## PROBLEM TO WORK ON
Below are some records. Return exactly the lines from the one with "2 slaapkamers, een" to the one with "El Ministro de", and nothing else.

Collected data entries

= Beginning of Section =

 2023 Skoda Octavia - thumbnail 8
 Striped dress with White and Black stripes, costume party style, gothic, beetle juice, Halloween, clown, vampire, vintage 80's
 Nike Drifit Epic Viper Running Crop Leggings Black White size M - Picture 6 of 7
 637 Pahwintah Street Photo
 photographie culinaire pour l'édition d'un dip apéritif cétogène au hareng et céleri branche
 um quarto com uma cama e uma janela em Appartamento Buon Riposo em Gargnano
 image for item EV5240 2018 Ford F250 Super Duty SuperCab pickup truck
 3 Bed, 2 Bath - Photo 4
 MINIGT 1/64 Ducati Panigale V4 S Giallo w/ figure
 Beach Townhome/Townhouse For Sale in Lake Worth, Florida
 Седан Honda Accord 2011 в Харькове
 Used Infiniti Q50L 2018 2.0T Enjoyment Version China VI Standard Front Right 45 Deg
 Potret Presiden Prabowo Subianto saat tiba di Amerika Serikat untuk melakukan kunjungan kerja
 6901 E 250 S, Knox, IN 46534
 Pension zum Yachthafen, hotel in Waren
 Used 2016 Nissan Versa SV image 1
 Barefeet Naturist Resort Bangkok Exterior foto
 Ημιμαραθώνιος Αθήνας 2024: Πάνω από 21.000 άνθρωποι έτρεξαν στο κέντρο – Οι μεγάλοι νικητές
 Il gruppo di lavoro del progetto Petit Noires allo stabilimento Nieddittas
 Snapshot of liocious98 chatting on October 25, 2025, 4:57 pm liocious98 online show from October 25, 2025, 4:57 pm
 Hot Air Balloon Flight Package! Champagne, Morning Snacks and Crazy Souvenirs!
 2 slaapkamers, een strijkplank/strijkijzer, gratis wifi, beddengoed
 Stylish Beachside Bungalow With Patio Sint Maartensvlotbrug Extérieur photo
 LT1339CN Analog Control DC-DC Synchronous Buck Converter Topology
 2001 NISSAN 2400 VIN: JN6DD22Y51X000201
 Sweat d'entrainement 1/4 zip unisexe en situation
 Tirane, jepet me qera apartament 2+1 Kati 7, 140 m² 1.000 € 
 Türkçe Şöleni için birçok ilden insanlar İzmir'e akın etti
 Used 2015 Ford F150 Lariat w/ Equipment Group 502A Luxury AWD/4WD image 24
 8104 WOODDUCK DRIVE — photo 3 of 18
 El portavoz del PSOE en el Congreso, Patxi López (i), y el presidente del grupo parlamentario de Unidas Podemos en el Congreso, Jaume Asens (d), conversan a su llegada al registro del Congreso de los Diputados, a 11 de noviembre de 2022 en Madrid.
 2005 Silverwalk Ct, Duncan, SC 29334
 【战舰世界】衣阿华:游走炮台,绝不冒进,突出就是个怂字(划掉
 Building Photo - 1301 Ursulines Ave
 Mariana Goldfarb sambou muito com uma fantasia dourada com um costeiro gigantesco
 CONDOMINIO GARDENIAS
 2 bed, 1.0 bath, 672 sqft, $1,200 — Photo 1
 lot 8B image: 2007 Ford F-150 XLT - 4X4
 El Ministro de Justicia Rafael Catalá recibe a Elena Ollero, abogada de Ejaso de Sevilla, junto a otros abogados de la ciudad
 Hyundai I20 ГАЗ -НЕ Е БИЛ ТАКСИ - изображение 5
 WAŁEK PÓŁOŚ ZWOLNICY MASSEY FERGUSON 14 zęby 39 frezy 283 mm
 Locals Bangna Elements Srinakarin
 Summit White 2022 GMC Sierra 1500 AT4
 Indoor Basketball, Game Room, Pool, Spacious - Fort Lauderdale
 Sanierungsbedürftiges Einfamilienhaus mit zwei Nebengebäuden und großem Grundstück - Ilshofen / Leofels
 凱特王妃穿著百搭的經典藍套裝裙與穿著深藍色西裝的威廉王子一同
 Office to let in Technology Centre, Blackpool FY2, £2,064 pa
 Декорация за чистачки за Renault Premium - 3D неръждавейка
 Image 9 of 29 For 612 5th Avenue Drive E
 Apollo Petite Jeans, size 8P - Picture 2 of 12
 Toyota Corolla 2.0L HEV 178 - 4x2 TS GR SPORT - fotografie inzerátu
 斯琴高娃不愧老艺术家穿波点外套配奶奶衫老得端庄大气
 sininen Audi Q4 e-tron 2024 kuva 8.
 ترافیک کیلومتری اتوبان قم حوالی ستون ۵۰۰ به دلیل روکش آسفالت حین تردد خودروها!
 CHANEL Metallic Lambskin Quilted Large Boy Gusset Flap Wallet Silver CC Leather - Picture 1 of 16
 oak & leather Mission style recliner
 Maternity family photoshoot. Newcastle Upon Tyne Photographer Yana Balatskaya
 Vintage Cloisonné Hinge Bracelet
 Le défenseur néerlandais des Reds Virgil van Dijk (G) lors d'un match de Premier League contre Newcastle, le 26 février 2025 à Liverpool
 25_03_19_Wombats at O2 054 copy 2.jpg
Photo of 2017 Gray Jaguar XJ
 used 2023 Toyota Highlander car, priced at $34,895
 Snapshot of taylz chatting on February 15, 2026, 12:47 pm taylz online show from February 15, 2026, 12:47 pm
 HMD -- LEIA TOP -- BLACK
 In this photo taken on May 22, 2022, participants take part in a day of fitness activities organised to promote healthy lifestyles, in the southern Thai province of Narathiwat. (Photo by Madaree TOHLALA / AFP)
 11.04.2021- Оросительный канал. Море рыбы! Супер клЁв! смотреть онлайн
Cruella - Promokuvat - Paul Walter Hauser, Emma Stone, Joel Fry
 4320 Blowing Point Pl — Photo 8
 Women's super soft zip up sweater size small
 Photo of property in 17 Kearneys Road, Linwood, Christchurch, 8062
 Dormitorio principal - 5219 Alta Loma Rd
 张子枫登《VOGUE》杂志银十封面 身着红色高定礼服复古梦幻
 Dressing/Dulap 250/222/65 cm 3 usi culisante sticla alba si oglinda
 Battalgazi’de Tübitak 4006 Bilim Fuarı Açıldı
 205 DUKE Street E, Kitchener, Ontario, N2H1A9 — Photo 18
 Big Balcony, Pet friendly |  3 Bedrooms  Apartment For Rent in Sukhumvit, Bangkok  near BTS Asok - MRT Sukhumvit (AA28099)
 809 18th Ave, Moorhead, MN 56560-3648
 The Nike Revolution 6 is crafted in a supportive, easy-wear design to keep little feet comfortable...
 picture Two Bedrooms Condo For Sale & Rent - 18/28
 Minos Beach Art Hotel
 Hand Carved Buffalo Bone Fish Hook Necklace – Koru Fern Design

= End of Section =

## SOLUTION TO THIS EXERCISE
 2 slaapkamers, een strijkplank/strijkijzer, gratis wifi, beddengoed
 Stylish Beachside Bungalow With Patio Sint Maartensvlotbrug Extérieur photo
 LT1339CN Analog Control DC-DC Synchronous Buck Converter Topology
 2001 NISSAN 2400 VIN: JN6DD22Y51X000201
 Sweat d'entrainement 1/4 zip unisexe en situation
 Tirane, jepet me qera apartament 2+1 Kati 7, 140 m² 1.000 € 
 Türkçe Şöleni için birçok ilden insanlar İzmir'e akın etti
 Used 2015 Ford F150 Lariat w/ Equipment Group 502A Luxury AWD/4WD image 24
 8104 WOODDUCK DRIVE — photo 3 of 18
 El portavoz del PSOE en el Congreso, Patxi López (i), y el presidente del grupo parlamentario de Unidas Podemos en el Congreso, Jaume Asens (d), conversan a su llegada al registro del Congreso de los Diputados, a 11 de noviembre de 2022 en Madrid.
 2005 Silverwalk Ct, Duncan, SC 29334
 【战舰世界】衣阿华:游走炮台,绝不冒进,突出就是个怂字(划掉
 Building Photo - 1301 Ursulines Ave
 Mariana Goldfarb sambou muito com uma fantasia dourada com um costeiro gigantesco
 CONDOMINIO GARDENIAS
 2 bed, 1.0 bath, 672 sqft, $1,200 — Photo 1
 lot 8B image: 2007 Ford F-150 XLT - 4X4
 El Ministro de Justicia Rafael Catalá recibe a Elena Ollero, abogada de Ejaso de Sevilla, junto a otros abogados de la ciudad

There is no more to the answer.